Material provided START

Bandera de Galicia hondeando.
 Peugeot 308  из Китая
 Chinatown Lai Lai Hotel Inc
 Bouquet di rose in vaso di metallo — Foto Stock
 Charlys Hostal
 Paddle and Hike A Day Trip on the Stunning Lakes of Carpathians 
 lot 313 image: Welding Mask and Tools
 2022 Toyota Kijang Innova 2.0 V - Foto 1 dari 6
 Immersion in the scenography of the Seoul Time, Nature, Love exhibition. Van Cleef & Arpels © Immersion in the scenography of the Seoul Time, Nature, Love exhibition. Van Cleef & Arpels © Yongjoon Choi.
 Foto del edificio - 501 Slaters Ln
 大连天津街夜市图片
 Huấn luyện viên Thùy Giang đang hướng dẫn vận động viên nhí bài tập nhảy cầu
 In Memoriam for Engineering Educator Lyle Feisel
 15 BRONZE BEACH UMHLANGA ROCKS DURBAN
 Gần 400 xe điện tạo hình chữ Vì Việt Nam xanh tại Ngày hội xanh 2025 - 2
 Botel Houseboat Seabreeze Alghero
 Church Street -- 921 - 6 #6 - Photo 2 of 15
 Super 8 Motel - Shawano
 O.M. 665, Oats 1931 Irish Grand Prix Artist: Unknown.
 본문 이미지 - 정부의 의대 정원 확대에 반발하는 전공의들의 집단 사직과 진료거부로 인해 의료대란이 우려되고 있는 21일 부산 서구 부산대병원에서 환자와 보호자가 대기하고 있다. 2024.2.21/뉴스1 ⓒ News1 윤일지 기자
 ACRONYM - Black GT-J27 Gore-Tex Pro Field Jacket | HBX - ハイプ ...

Material provided END

Write out again, exactly, the line containing "Botel Houseboat Seabreeze Alghero" and every later line of the records. Omit the rest.

> [Solved exercise]:
 Botel Houseboat Seabreeze Alghero
 Church Street -- 921 - 6 #6 - Photo 2 of 15
 Super 8 Motel - Shawano
 O.M. 665, Oats 1931 Irish Grand Prix Artist: Unknown.
 본문 이미지 - 정부의 의대 정원 확대에 반발하는 전공의들의 집단 사직과 진료거부로 인해 의료대란이 우려되고 있는 21일 부산 서구 부산대병원에서 환자와 보호자가 대기하고 있다. 2024.2.21/뉴스1 ⓒ News1 윤일지 기자
 ACRONYM - Black GT-J27 Gore-Tex Pro Field Jacket | HBX - ハイプ ...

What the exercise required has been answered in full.